Il ne semble pas que la fixation des prix soit au coeur des discussions. Il n'est toutefois pas exclu que ce genre d'arrangement puisse avoir un effet sur le coût assumé par les gouvernements et les municipalités, reconnaît-on.
La Loi sur la concurrence interdit que des entreprises s'entendent entre elles pour se répartir les contrats à tour de rôle. Il y a infraction à la loi entre autres lorsque «quiconque complote, se coalise ou conclut un accord ou arrangement avec une autre personne [...] pour restreindre, indûment, la concurrence». Il s'agit d'un acte criminel passible d'un emprisonnement maximal de cinq ans et d'une amende maximale de dix millions de dollars.
L'existence de ces rencontres entre joueurs de l'industrie est peu connue puisque le club réunit non pas les nombreux chargés de projets, mais bien de hauts dirigeants des firmes, a-t-on confié au Devoir. Du coup, la question d'une quelconque forme de concertation est délicate et génère beaucoup de résistance parmi les rares personnes au courant. La moindre question suscite beaucoup de nervosité dans les couloirs des firmes de génie.
Au Bureau de la concurrence du Canada, on enquête régulièrement sur des cas de collusion. On souligne qu'il est extrêmement difficile de débusquer ces accords et de les documenter. «Il n'y a pas de limite à l'imagination de ceux qui complotent. Et puisque leurs agissements sont faits en secret, il y a peu d'informations qui circulent. C'est très difficile de déceler le problème et de faire la démonstration», explique Donald Plouffe, de la Direction des affaires criminelles au Bureau de la concurrence du Canada.

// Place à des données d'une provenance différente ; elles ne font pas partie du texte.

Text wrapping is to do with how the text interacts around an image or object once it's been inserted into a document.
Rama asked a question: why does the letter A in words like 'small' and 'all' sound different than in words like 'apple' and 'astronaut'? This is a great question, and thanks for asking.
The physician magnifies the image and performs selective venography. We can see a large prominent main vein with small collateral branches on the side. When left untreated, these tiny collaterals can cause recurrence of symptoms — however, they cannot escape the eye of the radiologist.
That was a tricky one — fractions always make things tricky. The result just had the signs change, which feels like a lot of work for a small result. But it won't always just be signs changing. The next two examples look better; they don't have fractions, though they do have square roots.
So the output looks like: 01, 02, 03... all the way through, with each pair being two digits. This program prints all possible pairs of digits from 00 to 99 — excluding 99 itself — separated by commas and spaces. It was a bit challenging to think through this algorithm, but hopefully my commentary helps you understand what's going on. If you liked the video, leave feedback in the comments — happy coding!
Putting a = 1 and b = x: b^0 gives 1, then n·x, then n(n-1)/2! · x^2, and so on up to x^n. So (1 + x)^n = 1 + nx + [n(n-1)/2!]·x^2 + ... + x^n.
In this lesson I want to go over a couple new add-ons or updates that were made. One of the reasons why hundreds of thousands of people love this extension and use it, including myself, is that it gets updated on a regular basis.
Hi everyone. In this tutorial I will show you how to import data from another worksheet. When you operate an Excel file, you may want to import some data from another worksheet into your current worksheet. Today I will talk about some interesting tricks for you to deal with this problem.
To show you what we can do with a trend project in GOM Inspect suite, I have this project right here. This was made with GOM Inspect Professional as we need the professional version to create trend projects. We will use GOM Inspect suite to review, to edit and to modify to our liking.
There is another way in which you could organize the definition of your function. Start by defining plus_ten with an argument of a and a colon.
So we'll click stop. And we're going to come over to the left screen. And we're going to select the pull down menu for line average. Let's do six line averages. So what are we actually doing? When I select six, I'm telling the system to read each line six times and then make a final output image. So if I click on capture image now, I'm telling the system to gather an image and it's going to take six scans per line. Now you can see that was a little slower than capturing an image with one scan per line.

Le Bureau de la concurrence travaille en collaboration avec les différents corps policiers dans le cadre de l'opération Marteau mise en place l'année dernière. Une personne y est attitrée à temps plein.
PTI: période faste
Des centaines de millions de dollars sont en jeu, rappelle la personne au coeur de l'enquête. C'est vrai pour les travaux routiers, par exemple, au ministère des Transports, mais également dans les municipalités qui sont actuellement plongées dans la période de planification des investissements à faire dans leurs infrastructures. D'ici quelques semaines, les municipalités feront connaître leurs PTI respectifs, c'est-à-dire les projets qu'elles prévoient effectuer, financés par des emprunts à long terme.
Les firmes de génie sont associées de près à ces travaux qui permettent d'établir les besoins d'une municipalité. «Elles [les firmes de génie] ont bien du fun actuellement», a affirmé cette même source. Trois autres personnes, dont deux provenant des fonctions publiques provinciale et montréalaise, ont également soutenu que la préparation des PTI est une période faste pour les firmes de génie.
Le recours aux firmes privées ne se limite toutefois pas au monde municipal. Avec le rétrécissement de la fonction publique, et avec elle, la perte d'une expertise indépendante, les corps publics (les différents ministères, les sociétés d'État et les secteurs de la santé et de l'éducation) font appel aux firmes de génie-conseil en amont du processus d'octroi de contrats.
Les firmes de génie-conseil se penchent sur la planification des projets, rédigent les appels d'offres, préparent les plans et devis, et participent activement à la sélection des entrepreneurs. Les ingénieurs du secteur privé sont devenus des alliés de premier ordre pour les décideurs publics qui s'appuient sur leur expertise.
Même la loi 76 adoptée en mars dernier pour contrer la collusion et l'intimidation dans l'octroi de contrats des municipalités, incite à se tourner vers les firmes de génie-conseil. Une des dispositions de cette loi, qui est entrée en vigueur le premier septembre dernier, oblige les municipalités à établir une estimation du coût pour tout contrat de 100 000 $ et plus. Or, bon nombre de municipalités, sans ingénieurs à leur service, n'ont d'autre choix que de recourir aux firmes privées.